Please copy every line from the records below that contains the string "Lake".

## Records from a data collection
▼▼▼

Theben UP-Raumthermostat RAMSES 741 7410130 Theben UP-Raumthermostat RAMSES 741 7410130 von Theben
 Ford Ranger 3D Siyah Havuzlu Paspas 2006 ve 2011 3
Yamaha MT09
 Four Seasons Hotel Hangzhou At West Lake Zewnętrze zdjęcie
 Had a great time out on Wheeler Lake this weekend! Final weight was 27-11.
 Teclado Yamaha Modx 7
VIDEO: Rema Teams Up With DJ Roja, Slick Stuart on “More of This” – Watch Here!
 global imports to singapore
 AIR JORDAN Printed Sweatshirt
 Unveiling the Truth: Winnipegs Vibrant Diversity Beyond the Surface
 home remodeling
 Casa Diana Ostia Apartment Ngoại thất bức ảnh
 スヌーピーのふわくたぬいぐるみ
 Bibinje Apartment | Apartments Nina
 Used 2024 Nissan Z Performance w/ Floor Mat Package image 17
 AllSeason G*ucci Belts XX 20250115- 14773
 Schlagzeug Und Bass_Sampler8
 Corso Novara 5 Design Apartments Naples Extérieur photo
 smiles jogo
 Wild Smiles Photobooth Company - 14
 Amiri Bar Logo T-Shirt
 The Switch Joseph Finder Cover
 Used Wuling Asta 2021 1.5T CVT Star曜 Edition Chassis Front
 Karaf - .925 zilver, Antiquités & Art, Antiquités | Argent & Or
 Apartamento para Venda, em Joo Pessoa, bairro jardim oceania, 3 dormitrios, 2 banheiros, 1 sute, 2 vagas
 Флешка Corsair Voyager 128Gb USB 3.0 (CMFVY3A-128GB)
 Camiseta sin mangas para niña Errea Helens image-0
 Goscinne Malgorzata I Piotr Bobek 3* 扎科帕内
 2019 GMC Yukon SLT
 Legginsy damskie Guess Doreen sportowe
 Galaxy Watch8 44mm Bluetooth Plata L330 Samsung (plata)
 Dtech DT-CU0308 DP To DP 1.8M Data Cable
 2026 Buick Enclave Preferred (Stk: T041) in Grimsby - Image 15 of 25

▲▲▲

## Output for this task
 Four Seasons Hotel Hangzhou At West Lake Zewnętrze zdjęcie
 Had a great time out on Wheeler Lake this weekend! Final weight was 27-11.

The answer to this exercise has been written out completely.